Problem statement
In the listing below, a line holding "A riot police" and a line holding "A Gaelic football" mark the range. Retype both exactly, with all lines between them.

Raw data
- - - - - - -
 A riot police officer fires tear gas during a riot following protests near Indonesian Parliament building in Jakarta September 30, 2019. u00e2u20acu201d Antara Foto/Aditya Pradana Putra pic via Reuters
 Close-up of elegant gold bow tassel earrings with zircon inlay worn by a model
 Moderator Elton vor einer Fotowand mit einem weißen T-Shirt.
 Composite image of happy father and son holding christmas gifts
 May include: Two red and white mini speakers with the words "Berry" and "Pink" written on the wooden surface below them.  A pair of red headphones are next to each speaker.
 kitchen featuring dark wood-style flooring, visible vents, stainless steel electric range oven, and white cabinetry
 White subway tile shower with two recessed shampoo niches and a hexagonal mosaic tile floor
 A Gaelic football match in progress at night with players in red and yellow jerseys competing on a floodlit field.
- - - - - - -
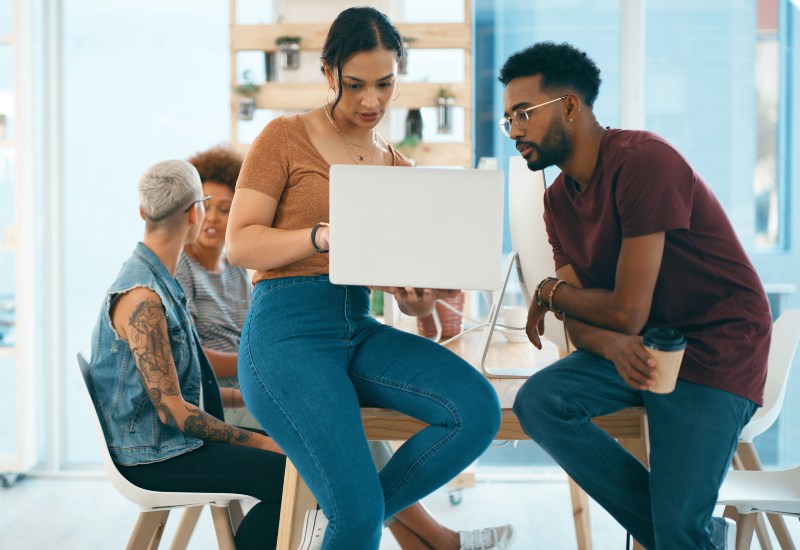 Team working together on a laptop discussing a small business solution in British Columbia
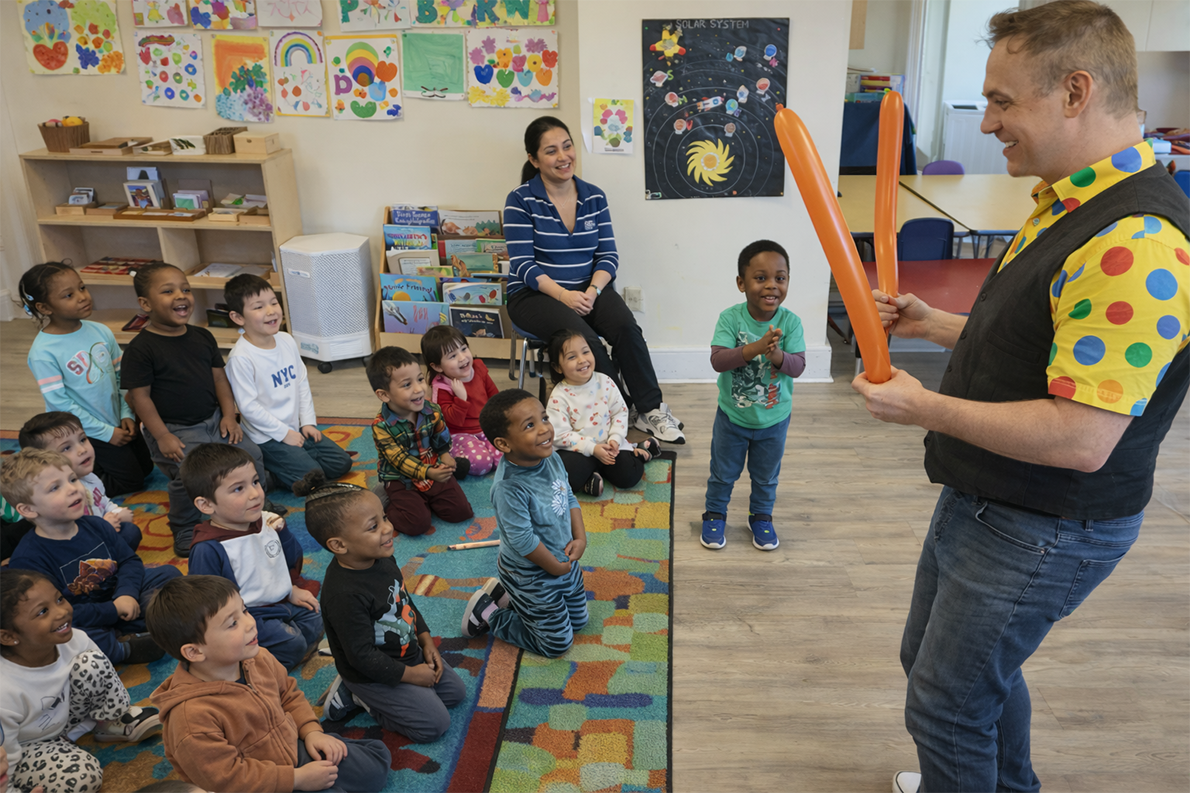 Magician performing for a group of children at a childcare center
- - - - - - -
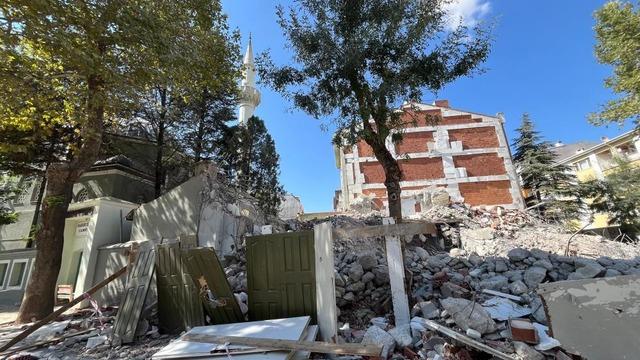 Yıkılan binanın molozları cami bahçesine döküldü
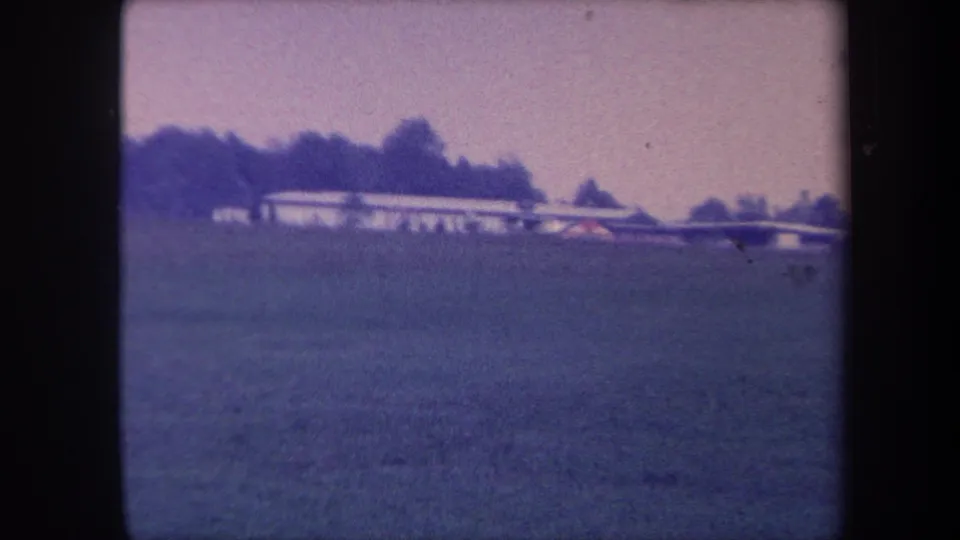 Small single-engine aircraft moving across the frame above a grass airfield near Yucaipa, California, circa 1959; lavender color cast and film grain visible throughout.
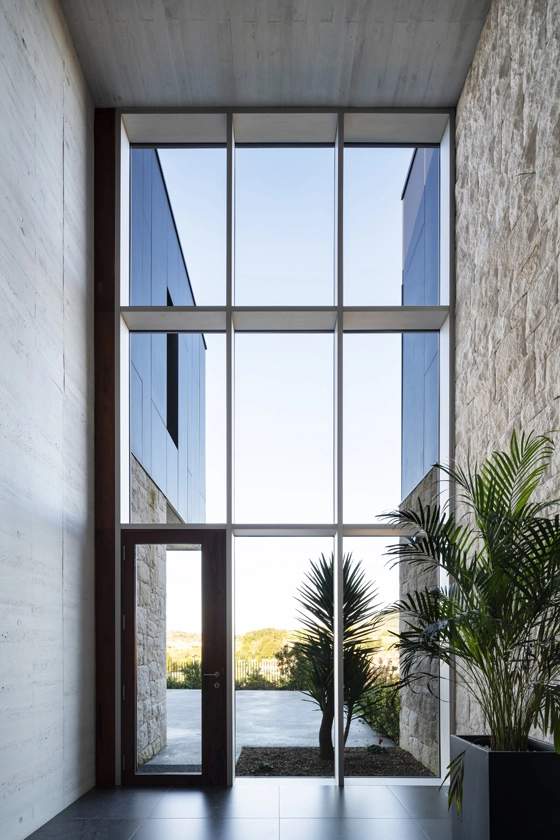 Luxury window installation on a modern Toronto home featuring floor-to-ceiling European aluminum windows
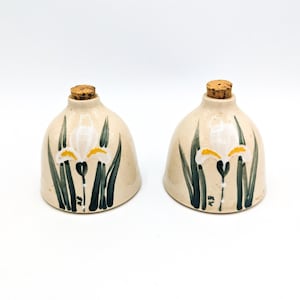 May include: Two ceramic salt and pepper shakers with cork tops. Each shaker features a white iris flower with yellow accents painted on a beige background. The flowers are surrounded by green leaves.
- - - - - - -
Response to the task
 A riot police officer fires tear gas during a riot following protests near Indonesian Parliament building in Jakarta September 30, 2019. u00e2u20acu201d Antara Foto/Aditya Pradana Putra pic via Reuters
 Close-up of elegant gold bow tassel earrings with zircon inlay worn by a model
 Moderator Elton vor einer Fotowand mit einem weißen T-Shirt.
 Composite image of happy father and son holding christmas gifts
 May include: Two red and white mini speakers with the words "Berry" and "Pink" written on the wooden surface below them.  A pair of red headphones are next to each speaker.
 kitchen featuring dark wood-style flooring, visible vents, stainless steel electric range oven, and white cabinetry
 White subway tile shower with two recessed shampoo niches and a hexagonal mosaic tile floor
 A Gaelic football match in progress at night with players in red and yellow jerseys competing on a floodlit field.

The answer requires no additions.